Giants

Giants submarine pitcher Tyler Rogers explains origin of delivery

Giants submarine pitcher Tyler Rogers explains origin of delivery

The Giants' broadcasters said they "love this guy" upon his MLB debut on Aug. 27, 2019. A quick inning for the pitcher with the funky movement caught their attention. 

Tyler Rogers' unique submarine delivery was one thing that stood out to those watching in addition to his ability to keep the ball on the ground.

"I went to junior college in southwest Kansas at Garden City -- I was struggling throwing I guess, conventionally, if that's what you want to call it -- overhand," Rogers told KNBR's "The Mark Willard Show" on Tuesday. "I was throwing with command and getting hit."

His coach approached him and suggested he drop down his arm after Rogers maintained his velocity of 88 mph on a straight ball.

"It got me out of conditioning for the day, so I gave it a shot," Rogers laughed.

In what might not appear to be natural, felt that way for the 29-year-old.

"I was all in, I trusted it completely."

His velocity didn't increase from that 88 number, however, but that unique delivery that had his arm almost on the ground is why he was standing atop that mound in throwing to the Arizona Diamondbacks at Oracle Park in August.

Well worth the wait from four years (and plenty of peanut butter and jelly sandwiches) of playing in Triple-A. 

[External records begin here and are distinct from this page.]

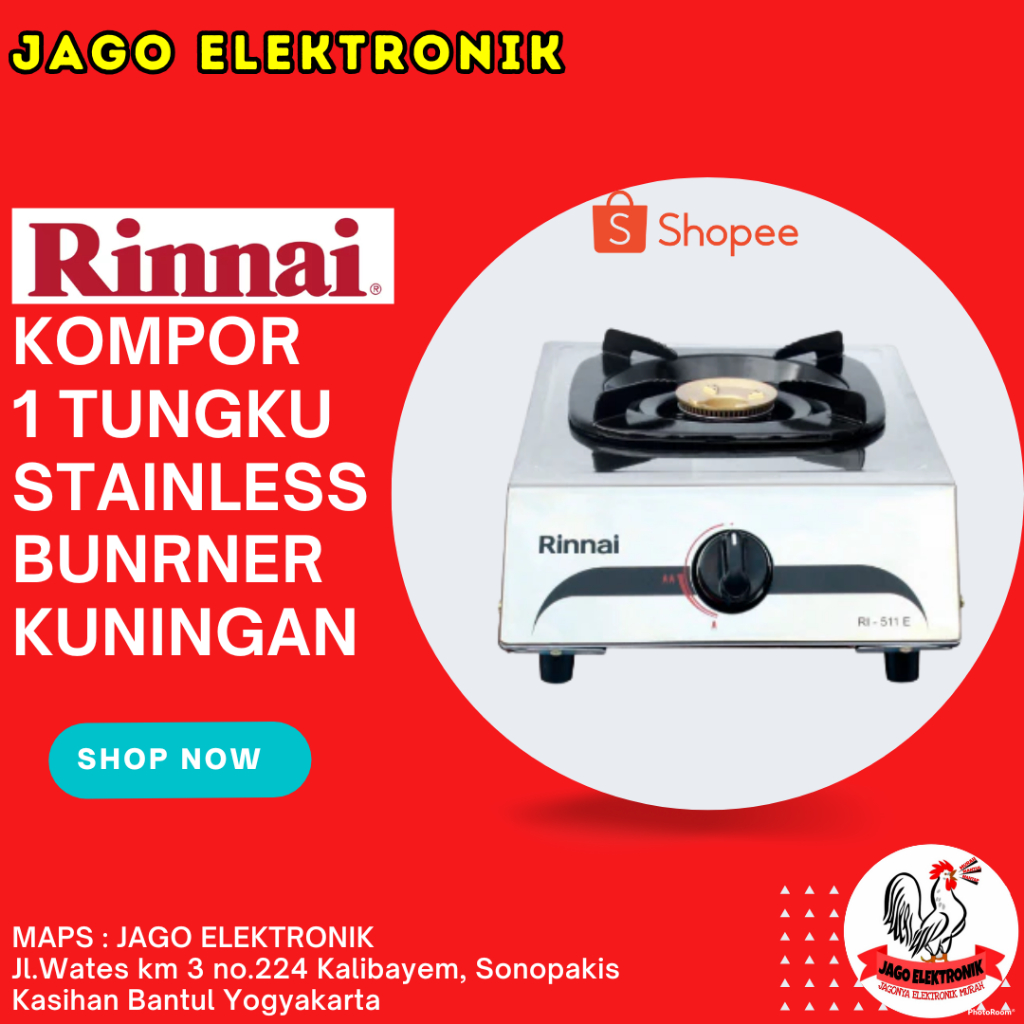Kompor Gas Rinnai 1 Tungku Stainles Kuningan Api Lilin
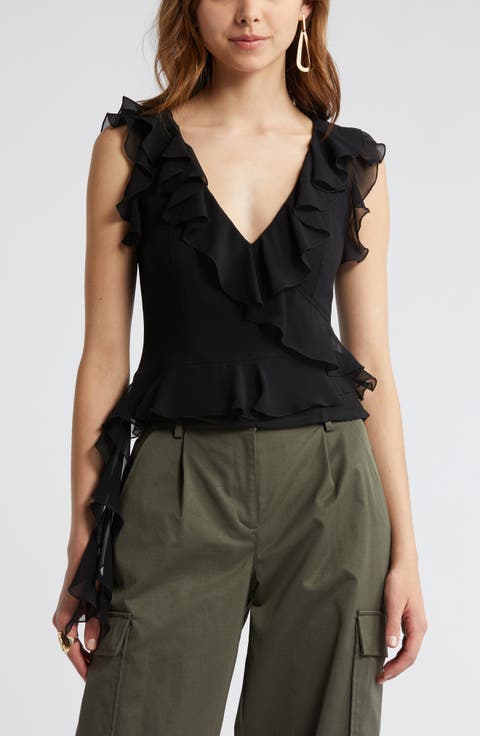 Open Edit Sleeveless Ruffle Top | Nordstrom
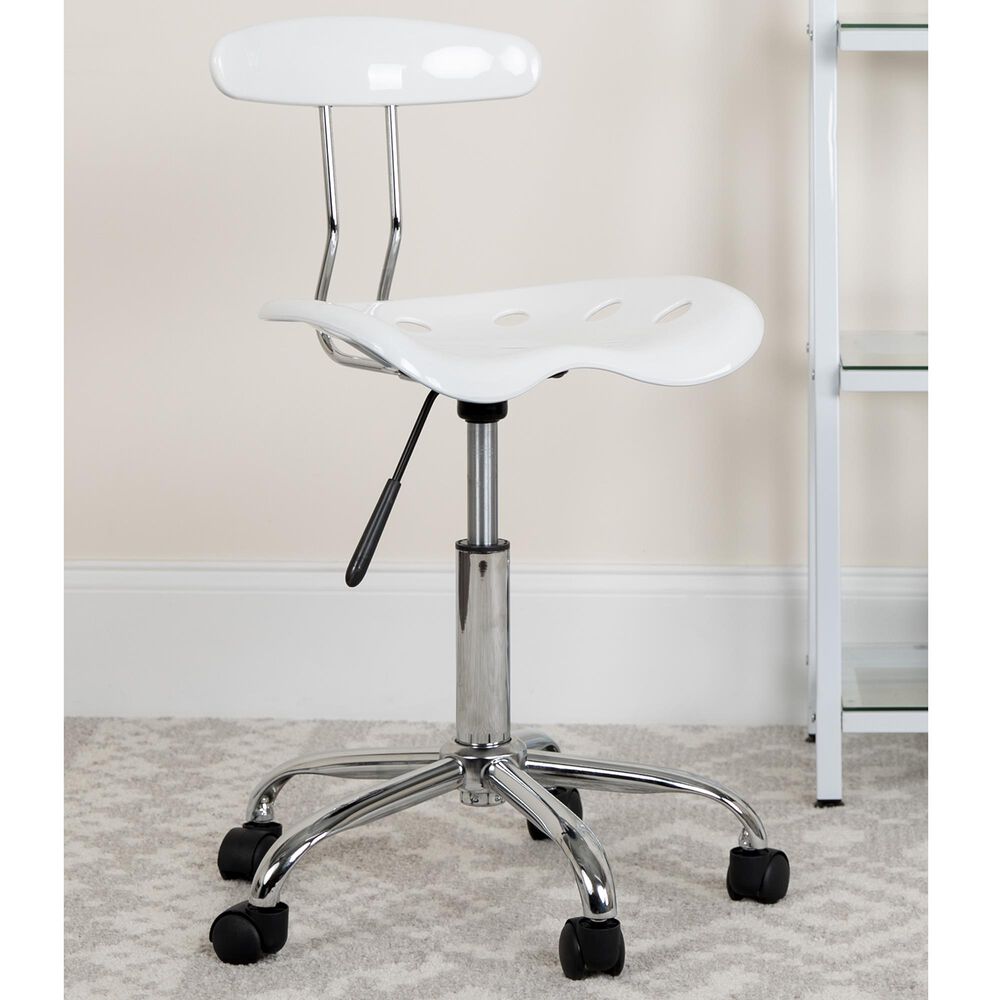 Flash Furniture Vibrant Swivel Task Chair in White, , large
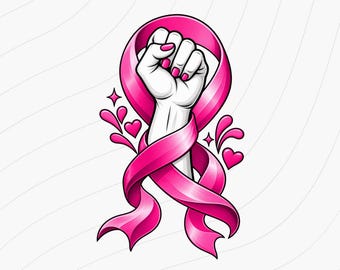 Breast Cancer Fighter PNG, Pink Ribbon Raised Fist Sublimation Design, Cancer Awareness Shirt Graphic, Digital Download PNG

When it came time to debut, he had the typical nerves, but lucky for him he was throwing to catcher Stephen Vogt.

Vogt spent time in Triple-A catching Rogers and would turn into a comfort blanket of sorts for his big-league debut.

"I asked the bullpen coach, I said 'Hey, is it normal to not feel your legs for your debut?'" Rogers recalled. "And he looked at me and said, 'Yep!'"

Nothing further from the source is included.